I am working with generalized permutations with problems such as the following:
Compute $P(10;4,4,2)$: Answer by formula: $\dfrac{10!}{(4!\, 4! \,2!)}$
A similar problem asks to Compute $P(17;4,3,2)$. It is my understanding that N ($17$ in this case) is supposed to equal the sum of $n_{1}$, $n_{2}$, and $n_{3}$ ($4$, $3$, and $2$ respectively).
Would it be wrong to compute the answer in the same way? $\dfrac{17!}{(4!\,3!\,2!)}$ ?
You have already got the answer, but I'd like to explain a point, and an approach.
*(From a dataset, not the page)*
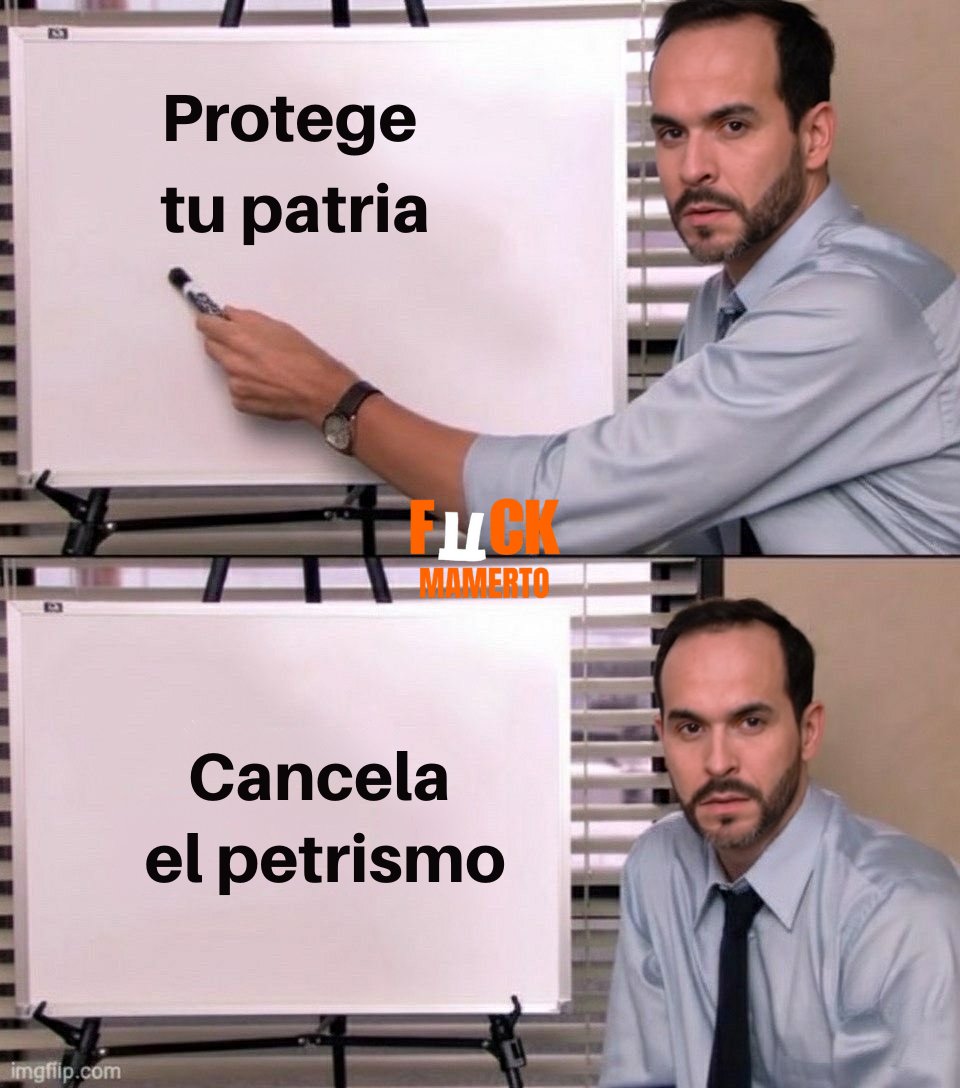 FVuckMamerto tweet media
Although I haven't encountered it before, P(10;4,4,2) is just the multinomial coefficient $\binom{10}{4,4,2}$
Now $\binom{10}{4,4,2} = \binom{10}{4}\binom64\binom22 = \frac{10!}{4!4!2!},$ and when expanded as a product of binomial coefficients,
the last term e.g. $\binom22$ here, always evaluates to $1$
So sometimes, the last term in the lower index is omitted, e.g. asked how many ways there are to get four $6's$ and four $1's$ in $10$ throws, we might abbreviate it to $\binom{10}{4,4}$
For your particular question, using your notation,
I would thus prefer to write the answer as $P(17;4,3,2,8)$